November marks the conclusion of this year’s growing season. By now your planting, soil preparation, and upgrades to your landscape and gardens should be completed. There are several tasks remaining that you should complete now before winter arrives.

With the arrival of cooler weather and reduced hours of sunlight, much of your landscape has now become dormant. Deciduous trees have lost their leaves and your flowering plants and bushes have stopped blooming. Now it is time to begin pruning away dead and entangled branches and flowers as well as unwanted “suckers” around stems and tree trunks. Once leaves have fallen, you can, if necessary, reshape tree and bush canopies.
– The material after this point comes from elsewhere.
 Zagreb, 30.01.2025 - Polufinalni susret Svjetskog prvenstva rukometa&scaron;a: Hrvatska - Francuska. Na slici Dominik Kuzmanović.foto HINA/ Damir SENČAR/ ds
By opening up by pruning off dead, damaged or unwanted limbs and branches, you will encourage proper airflow and increased sunlight during the winter months promoting better growth in the Spring. Palm trees, however, should NOT be pruned anymore this season since the fronds protect the center of the trees (where new growth takes place) from strong winds and cold temperatures. For smaller palms, wrap the top portion with burlap to protect them from frost and wind damage.

Plants such as roses and lantanas should be heavily pruned once flowering has completely stopped. This ongoing task may even continue into early December! Prune rose bushes leaving only 1/3 of the stems remaining. The more you prune now, the more robust will be the growth in the Spring. Remember that pruned flowering bushes will initially require more time in the Spring to start flowering again.

Succulents can continue to be pruned anytime throughout the year. They should, however, not be given any additional irrigation from mid-November through early February. The root systems of succulents “shut down” during winter dormancy. Water will accumulate around their roots and will not be absorbed. This will lead to root rot and plant death!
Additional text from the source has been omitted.